Tales from Space: Mutant Blob Attack Review

Tales from Space Mutant Blob Attack Screenshot 1

As soon as I’d read the title Mutant Blob Attack, my expectations of fun for this game were pretty high. And as I’d hoped the game play is as sold: you’re a mutant blob and you attack. Pretty much everything.

Tales from Space: Mutant Blob Attack is the sequel to Tales from Space: About a Blob. Indie developers Drinkbox released Mutant Blob Attack on Vita in 2011 as a launch title and it got an enthusiastic response from reviewers and fans. In a plan to make the game bigger and better, they have now released Mutant Blob Attack on Xbox and Ps3 as a D-pad friendly edition. When this sequel picks up the Blob race are googly-eyed captives in a university laboratory, tested but mostly just tortured in a Cartoon Network-like intro until the eponymous Blob escapes. The game is structured like an interactive cartoon and has just enough plot that right away you’re rooting for the little green hero when it sets out on a mission to rescue the other Blobs and generally to cause mayhem across twenty four levels

As with all of the best side-scrolling platform games, Mutant Blob Attack has two essential ingredients: fast pace and something addictive. I completed the game in two days but depending on how much of a perfectionist you are about collecting gems and rescuing the Blobs, you could easily keep repeating levels until you get a perfect score – and a respectable place on the online leader board.

Tales from Space Mutant Blob Attack Screenshot 3

As the mutant blob, you progress through segments of a level by eating enough stuff to get big enough to eat other stuff that is blocking your route to the next segment. As well as rescuing your buddies, there are gems to collect and obstacles to dodge, outrun, move and squeeze past using the mutantpowers that you gain as you progress. However what made this game stand out to me were the problem-solving challenges which slowed the pace down and got me thinking. They were all different, and a well-thought out way to add another element to an action side-scroller with an otherwise simple objective of eating everything you can. Frequent respawn points are well-placed just before these puzzles to keep the pace up, meaning I didn’t even get bored of being repeatedly splattered by the lasers.

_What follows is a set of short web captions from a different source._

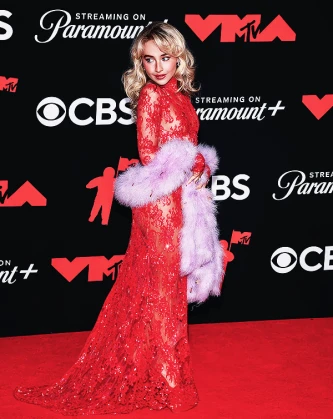 Imagem recente de sabrinacarpenter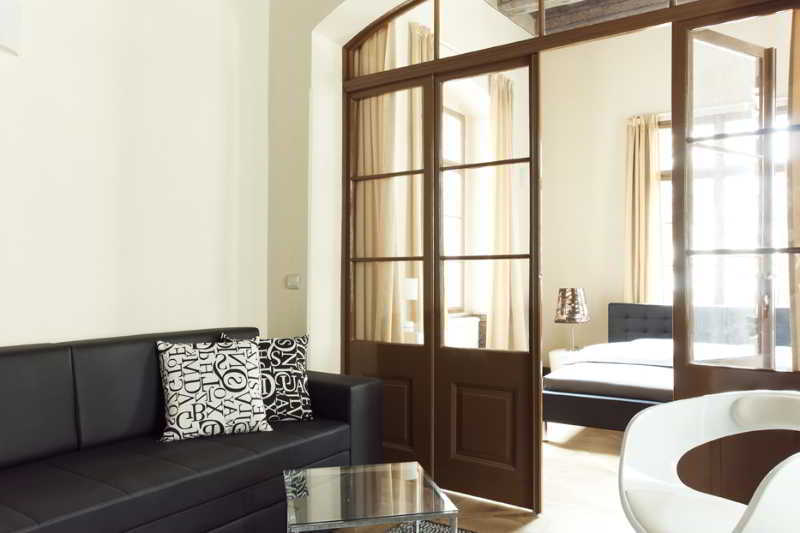 3 Epoques By Adrez Apartment Prague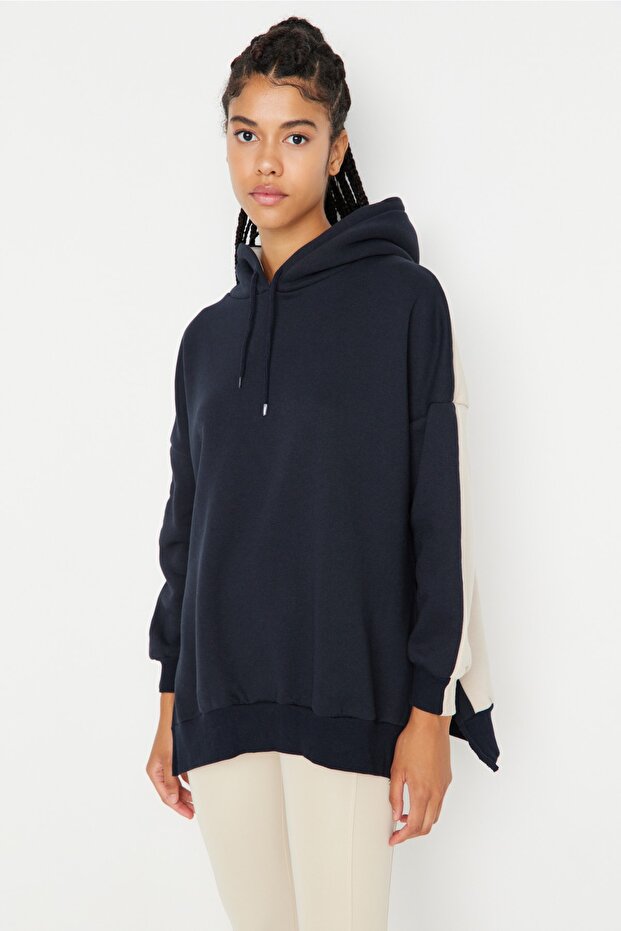 Lacivert Pamuklu Renk Bloklu Geniş Kalıp İçi Polarlı Örme Spor Sweatshirt TWOSS22SW0074 - 2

The design of Mutant Blob Attacks is sharp and memorable, inspired by 50’s art and music and B-movie inspired horror, and deserves a separate mention. It’s easy to believe that if this game was released fifteen years ago, it’d be remembered and with fond 90s nostalgia for its gameplay and the little background touches like the Hipster Juice that it does so well. The bonus stages on the PS3 version makes good use of the controller’s sensor technology and are done in the style of classic games like table tilting ball, or mini-levels inspired by classic handheld games.

Tales from Space Mutant Blob Attack Screenshot 2

Mutant Blob Attack has something a bit different and new to do on every level, and it’s definitely a fun way to pass a few hours. Because it’s just so easy to play and to like, I got to the end wondering where all the levels had gone, tempted to go back and beat my own score. If I had to pick something that disappointed me, it was that there weren’t more levels but it’s one of those games you’ll want to pick up again when you have a few spare minutes or even just as some light relief from bigger titles, and I’m hoping that Mutant Blob Attack is the second in at the very least a trilogy from Drinkbox.